1. Volunteering for fouls

Cleverness and a sense of humor were essential traits during White’s unorthodox prep basketball experience.

He was in the first graduating class at Legend High School, which opened his freshman year with inaugural sports teams made up entirely of athletes in his grade. The varsity basketball squad was a few sizes too small for most matchups, especially that first season. Carlson was a self-described “way undersized center” on a roster that had only a handful of players capable of faking their way through the position.

“We were sort of deer-in-the-headlights against those (bigger) teams,” Carlson said. “But D-White didn’t really have that. He kind of just shrugged it off.”

Hacking was often an unavoidable defensive strategy for Carlson, but Legend couldn’t afford frontcourt foul trouble.

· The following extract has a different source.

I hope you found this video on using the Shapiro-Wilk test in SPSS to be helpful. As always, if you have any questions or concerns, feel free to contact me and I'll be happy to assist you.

So the shorter, skinnier White developed a habit of trying to fool referees into counting fouls against him instead.

“I probably had more fouls than points in our basketball games. I would commit the foul, and then he would put his hand up and be like, ‘That was me,’” Carlson recalled. “The ref would kind of laugh. But sometimes they would give it to him. Really, he was just trying to keep me in the game. I think he was like, ‘Oh, this dummy fouled again.’”

2. Un-redshirted

White’s well-documented lack of college offers led him to a $3,000 scholarship as a preferred walk-on at UCCS. His talent and IQ were evident, but the team’s vision was for him to fill out his frame while redshirting the first year. Preseason workouts forced a change of plans.

University of Colorado at Colorado Springs junior guard Derrick White, 14, shoots over Metropolitan State University of Denver's Nicholas Kay, 4, in the second half at Metro State on February 27, 2015. (Photo by Andy Cross/The Denver Post)
University of Colorado at Colorado Springs junior guard Derrick White, 14, shoots over Metropolitan State University of Denver’s Nicholas Kay, 4, in the second half at Metro State on February 27, 2015. (Photo by Andy Cross/The Denver Post)

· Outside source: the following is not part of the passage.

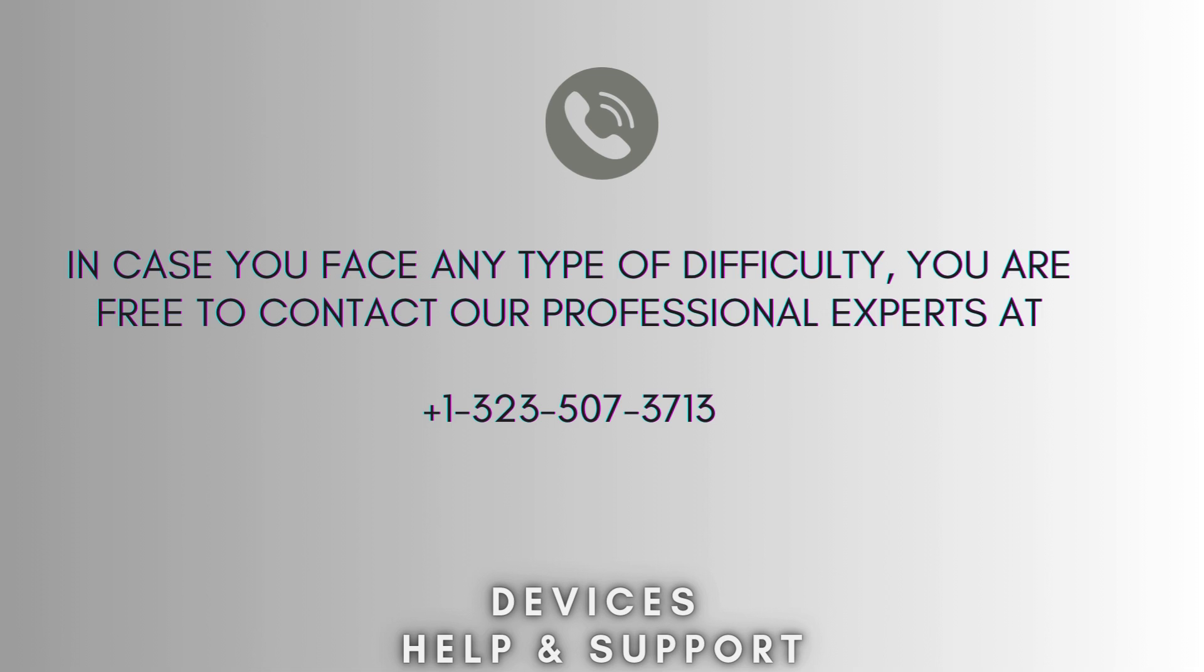I hope this video will prove helpful for you. If you're stuck in the middle of the process, don't worry. Contact our professional experts at 1-323-507-3713. They will solve your problem as soon as possible.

“It was like he was born to play basketball,” said Jordan Carter, who was entering his junior year at the time. “He was just so much better than the rest of us. There was no way we could stop him. We were much bigger and stronger. It didn’t matter. His team would win every drill.”

Carter had first played alongside White earlier that summer in a pro-am league at Highlands Ranch High School. White had just graduated from Legend. Their first game went to sudden-death overtime, and White drained a step-back 3-pointer for the win. As Carter watched the shot, he thought to himself that he was never confident enough to try anything like that fresh out of high school.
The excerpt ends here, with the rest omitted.